→ **INFORMATION SUPPLIED**:
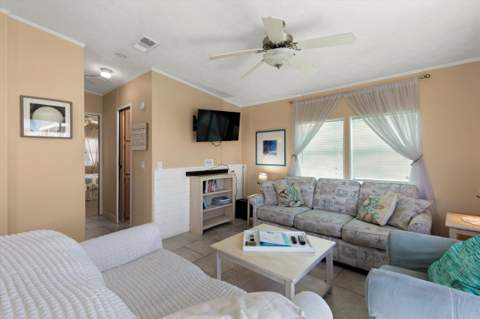 701 Spanish Main Drive #453, Cudjoe Key FL - photo 15 of 71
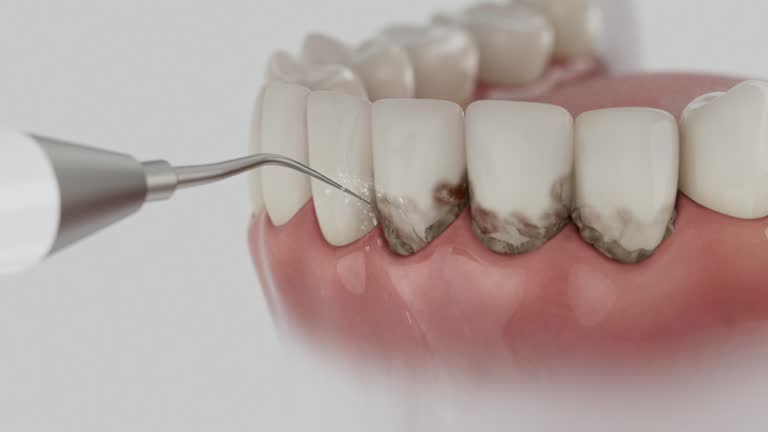 Reliable Dental contractor in Badin, NC by Dentist Open Now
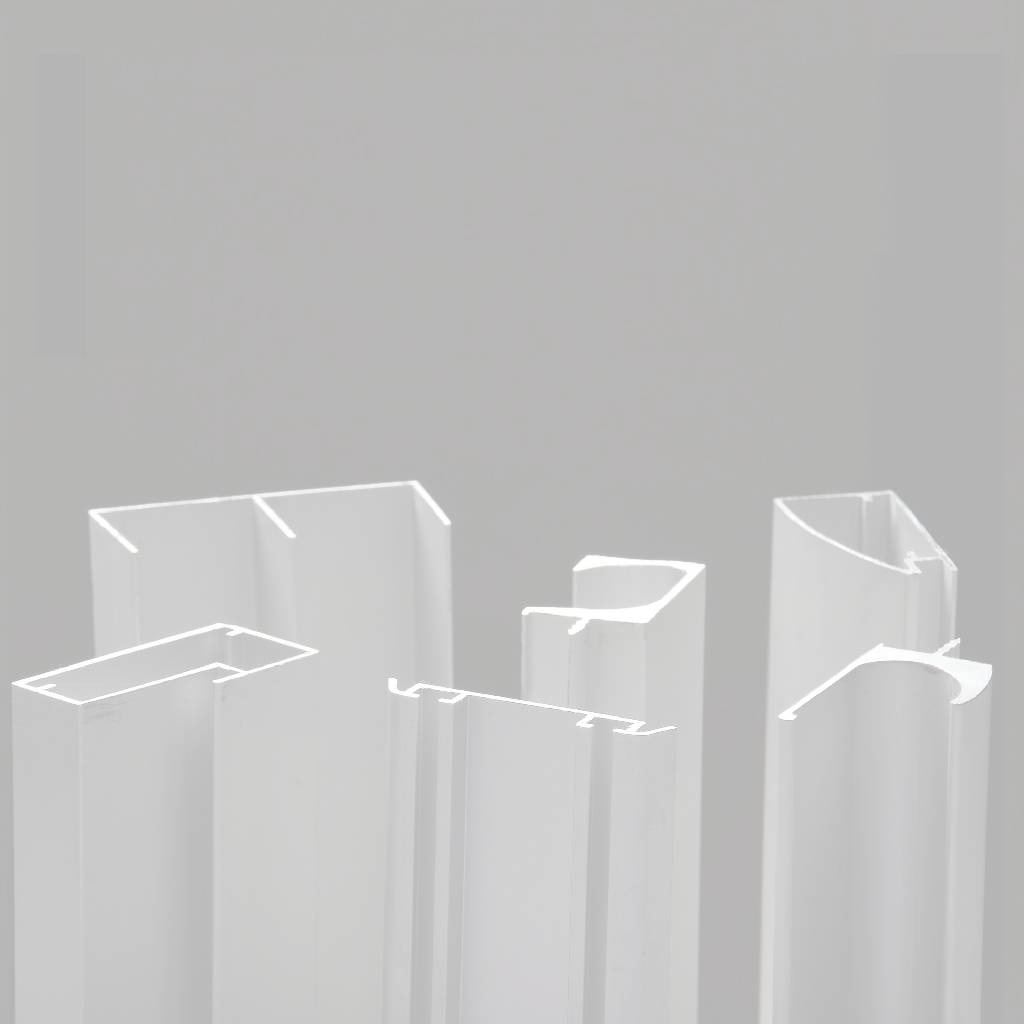 aluminieviy profil po obrazcam v ukraine Экструзия алюминиевого профиля, алюминиевый рифленый лист купить в Киеве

→ **REQUIREMENT**:
Output exactly, and with no pictures, the lines from the line that holds "Reliable Dental contractor" through the last line of the listing above.

→ **EXERCISE RESPONSE**:
 Reliable Dental contractor in Badin, NC by Dentist Open Now
 aluminieviy profil po obrazcam v ukraine Экструзия алюминиевого профиля, алюминиевый рифленый лист купить в Киеве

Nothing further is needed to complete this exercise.